My friend the noble Earl, Lord Sandwich, referred again to the importance of the Government having a trade policy document, and referenced the New Zealand Trade for All strategy. This was the first agreement entered into by New Zealand after the publication of that policy document. That demonstrates the benefits of a high-quality document. I was rather struck that noble Lords have been quoting George Eustice, the former Secretary of State at Defra, who I will refer to later. It was important when he said that we should look at strengthening the role of Parliament in scrutiny and perhaps even agreeing the negotiating mandate. My noble friend Lord Frost referred to that. As he said, countries such as Japan and the US, and the European Union, all use their parliamentary processes to their advantage. As my noble friend said, we do not want disagreements to be suppressed within government and then erupt afterwards, with Ministers saying, as George Eustice did, that we gave away far too much for far too little in return. I do not happen to agree with him but that is not the point. We should be able to see what the Government’s objectives are in trade policy—not necessarily the detailed negotiating trade-offs but certainly the objectives. As the noble Lord, Lord Kerr of Kinlochard, said, we can illustrate that by reference to examples. We ask about matters such as the Government’s approach to investor-state dispute settlements but all we get in reply is, essentially, the conclusion that they have reached on any individual negotiation, not what the Government’s approach is in general.

The result was different in different agreements, depending upon the approach of the other counterparties. There are a number of illustrations of that. The noble Earl, Lord Kinnoull, chair of the EU Affairs Committee, was here a moment ago. That committee and the International Agreements Committee have a right to expect that we are consulted soon about what the Government’s policy is in relation to carbon border adjustment mechanisms and the implementation of emissions trading schemes, not only between ourselves and the European Union but on the impact that the policy will have on our trading policy more generally. If we do not do that, we will find that, as a consequence, it is potentially one of the largest non-tariff barriers being erected across the globe, alongside the issue that the noble Earl raised about the Inflation Reduction Act in America.

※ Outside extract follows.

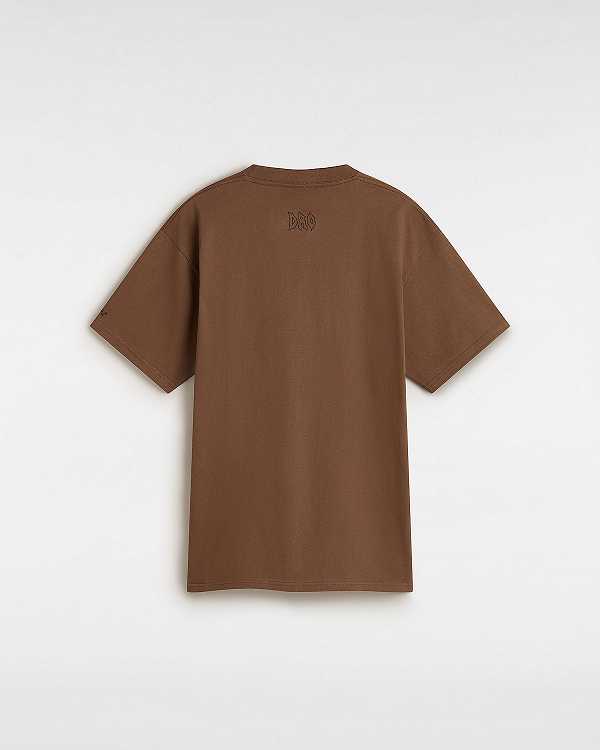 Brown Men Vans Skate Pedro Delfino T Shirts NZ | VN4560328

This has been an interesting and wide-ranging debate. In the rest of what I have to say, I want to focus on the Bill itself. This has been a great debate, and I have much enjoyed it, not least the maiden speech of my noble friend Lord Swire. We overlapped for only 14 years in the other place. I hope that perhaps we will overlap a little longer in this place—who knows, as he is not 74? It is a great pleasure to have him here and the benefit of his experience in our debates.

It is not in my register of interests, but I should say that my sister-in-law is a sheep farmer in north Wales. Even over Christmas, she did not raise the question of the Australia or New Zealand trade agreements with me at all, so I do not know what her view on these may be—just as well, perhaps.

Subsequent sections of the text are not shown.